**SUPPLIED INFORMATION:**
========

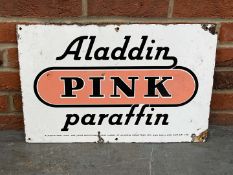 Aladdin Pink Paraffin Enamel Sign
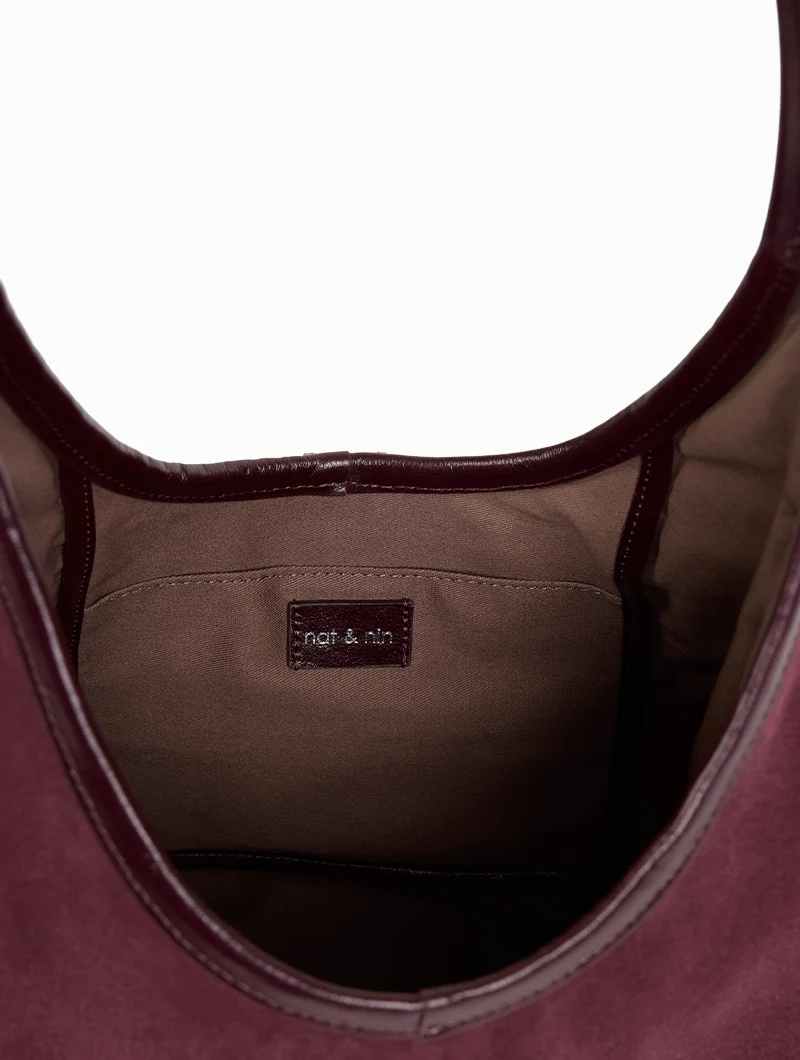 Sac Porté épaule  - Roméo Aubergine
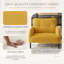 Fauteuil capitonné en velours côtelé de 26,4 po de largeur-516553402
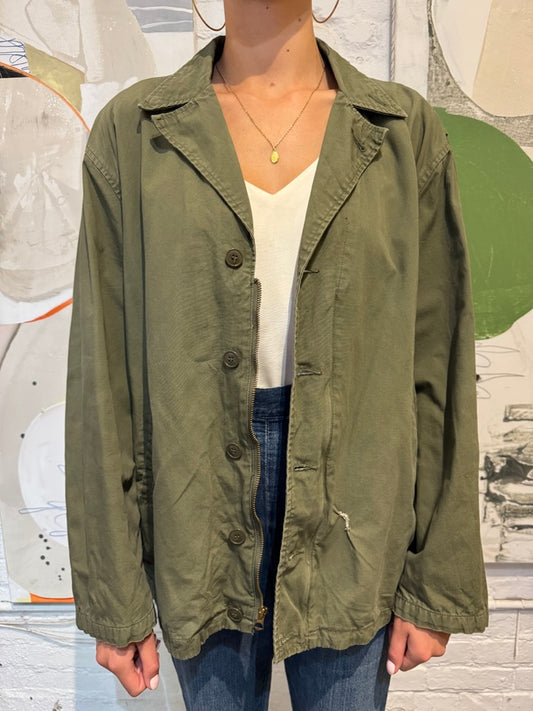 Vintage 1940s WW2 USN N-4 Field Coat Lined Jacket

========

Would you print the listing above in full, exactly, but with no pictures?

 Aladdin Pink Paraffin Enamel Sign
 Sac Porté épaule  - Roméo Aubergine
 Fauteuil capitonné en velours côtelé de 26,4 po de largeur-516553402
 Vintage 1940s WW2 USN N-4 Field Coat Lined Jacket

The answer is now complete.